El género del ciberpunk nació y creció entre los años 70 y 80 cuando la tecnología que conocemos hoy en día empezaba a atisbarse. Los autores podían imaginarse como podría ser una red que conectara a todo el mundo pero Internet aún no era algo común y al alcance de todos. Esto hizo que no pudieran imaginar el verdadero impacto de esa tecnología en nuestra sociedad y cuanto nos iba a cambiar. Así que como por aquel entonces era algo desconocido (y a lo desconocido es natural tenerle miedo) idearon que la tecnología del futuro debía ser una amenaza: una infección que deshumanizaría a las personas y las corrompería sacando lo peor de ellas mismas.

Desde los años 90 hasta nuestros días hemos integrado Internet en nuestras vidas y en estos momentos es de lo más común llevar un teléfono móvil en el bolsillo. Hemos comprendido que la tecnología no tiene porqué ser malvada y que puede ser una herramienta útil, aunque si se abusa de ella sí que puede convertirse en un problema. Hemos descubierto que podemos relacionarnos sin necesidad de estar presentes fisicamente y de que podemos compartir momentos a unos niveles tan abiertos y masivos que de otra forma sería imposible gracias a las redes sociales.

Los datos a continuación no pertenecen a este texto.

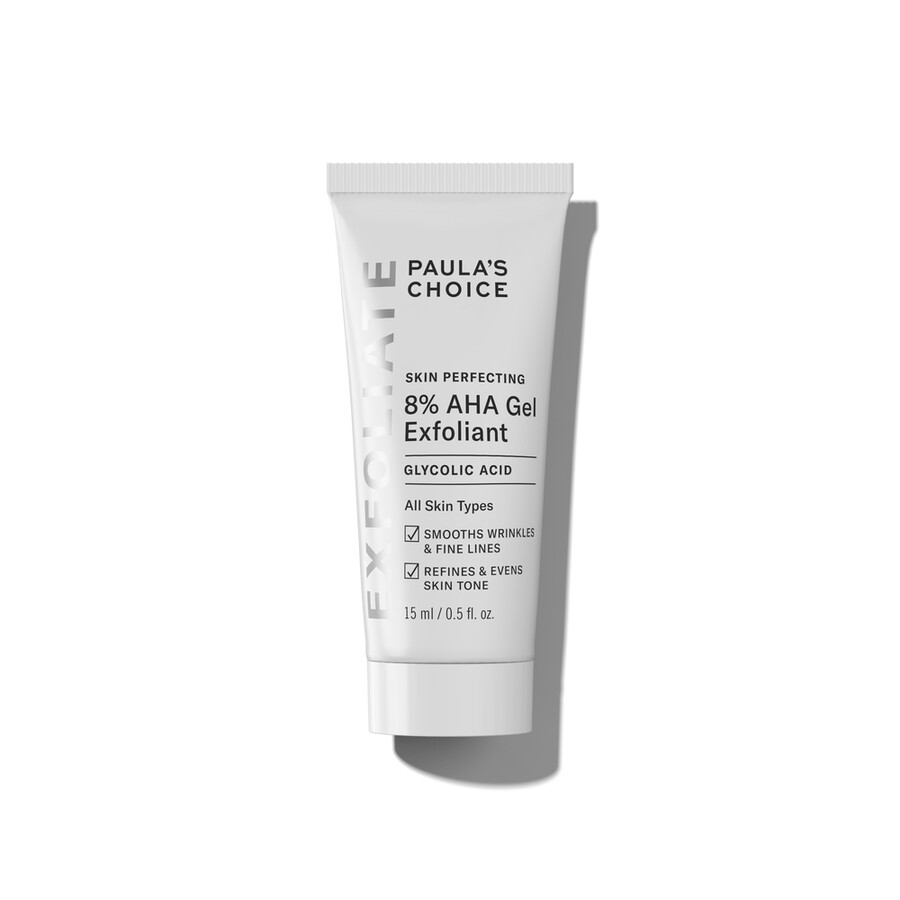 gel esfoliante all8 di aha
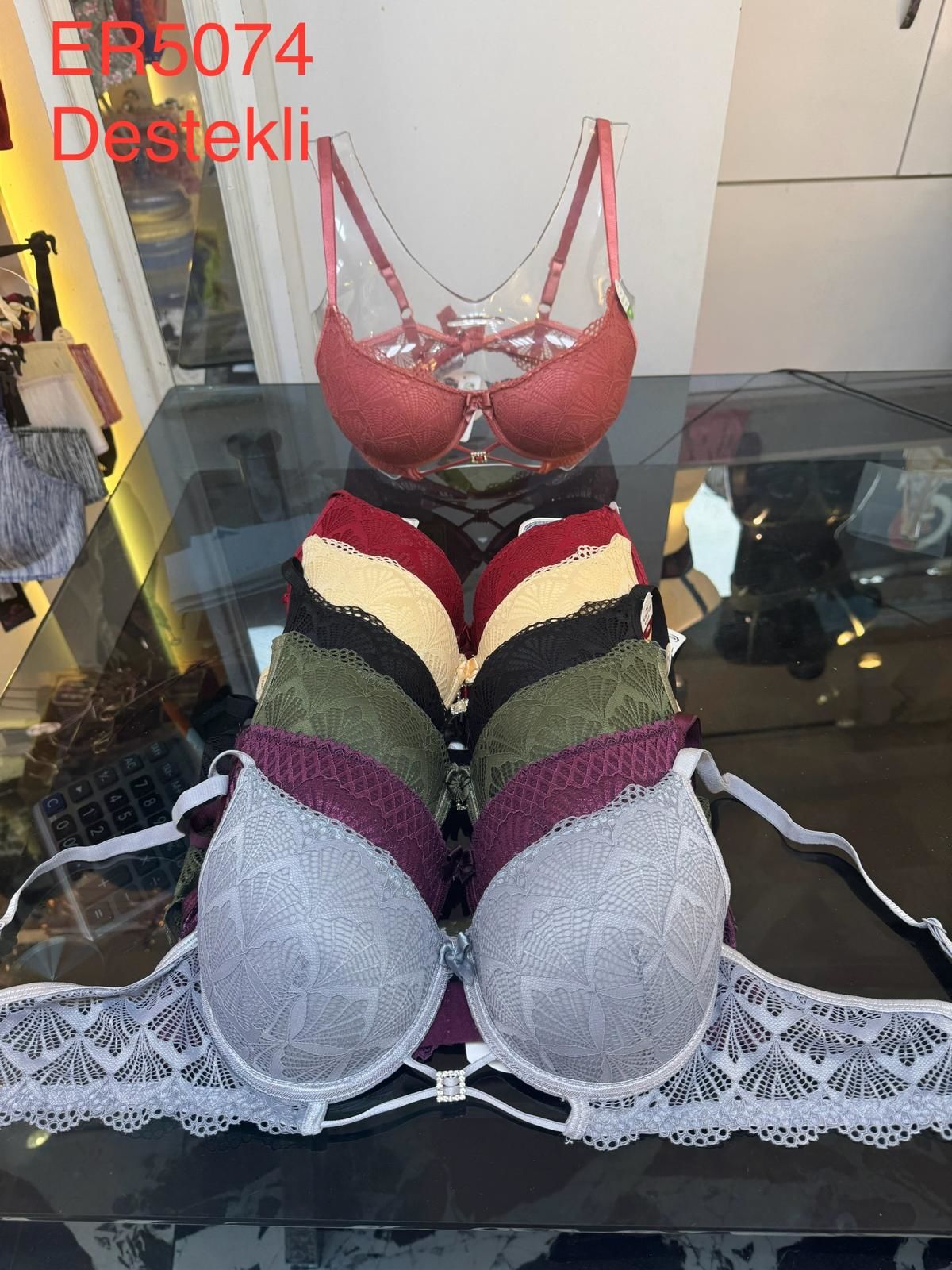 AYSEMİN 5074 BAYAN DESTEKLİ SÜTYEN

Todo esto ha cambiado nuestra idea de como puede ser el futuro y por lo tanto también la fantasía sobre el mismo: El ciberpunk de antaño era un mundo oscuro, con personajes solitarios y con un futuro desesperanzado. Pero ahora podemos imaginar a personajes que pueden convivir con la tecnología, más optimistas, sociales y con la esperanza de que puede existir un mundo mejor: Este cambio es el post-cyberpunk. Un mundo futuro más realista donde encontramos nuevos conflictos sobre como nos relacionamos con los demás y la tecnología es un elemento neutral que depende de su uso como cualquier otra herramienta. La tecnología es parte de la sociedad y por ese motivo también puede ser parte de la solución a los problemas. De ahí que la estética de este estilo sea mucho más cotidiana, mucho más relacionada con nuestro presente, y a la hora de presentar algún elemento más futurista de lo esperado este sea ergonómico y suave en lugar de tosco y metálico como en el ciberpunk.

Los escenarios post-ciberpunk por eso se desarrollan en futuros cercanos, con ambientes que pueden llegar a resultar familiares, para mostrarnos una verdad latente en el presente de la que quizás no somos del todo conscientes porque aún no hemos llegado ahí.